Another unsettling story that crosses over into horror territory is “The Deer Girl Hitches a Ride” by Seth Frost, a disturbing road trip across a post-apocalyptic America, where the titular deer girl is not the strangest or most terrifying thing the protagonist encounters. Meanwhile, Rachel L. Bowden’s “The Persistence of Memory” follows two outsiders on the cusp of adolescence in a story that feels very reminiscent of Stephen King’s “The Body”. There is a science fictional twist as well – after all, this is an Analog story – but it feels tacked on.

As always with such anthologies, there are some stories that just don’t work. Sadly, most of them are science fiction. One example is “Day 29” by Chris Beckett. The story is chock full of great ideas and fascinating worldbuilding details, but eventually goes nowhere and even wimps out of a dark turn of events that seems to have been set up previously.

Meanwhile, David Brin’s “Chrysalis” is  exactly the sort of story that gives hard science fiction a bad name. It’s basically a biology lecture, complete with cardboard thin characters and jargon-laden “As you know, Bob…” infodumps, in search of a plot. When it finally finds one, the plot is a hoary old “Thou shalt not mess with things man was not meant to know” chestnut that has been with our genre since Frankenstein.
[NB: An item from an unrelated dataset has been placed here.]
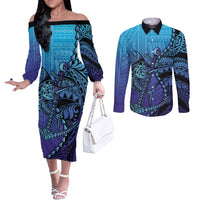 Personalised Polynesia Blue Marlin Fishing Couples Matching Off The Shoulder Long Sleeve Dress and Long Sleeve Button Shirt Marlin Anchor Tattoo Polynesian Pattern LT14 Purple - Polynesian Pride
Alex Nevala-Lee’s “Cryptids” is better at combining biology and fiction, though in the end the story is still too long and once again turns out to hinge on a very old genre trope indeed, in this case the idea that prehistoric animals have somehow managed to survive in secluded parts of the world.

All in all, this anthology is a mixed bag with some excellent stories, plenty of mediocre ones and a handful of truly bad ones. If you like both science fiction, fantasy and horror as well as mystery and crime fiction and stories that combine those genres, you’re sure to find something to enjoy here.


Cora Buhlert is a teacher, writer, translator, and reviewer living in Bremen, Germany, the city where she was born. She has a Master’s Degree in English, and has taught English linguistics, technical English, and high school English to German students, in addition to performing translations of technical documents. The author of speculative fiction, crime fiction, romance, poetry, and nonfiction, she blogs about her own and others’ works at her website.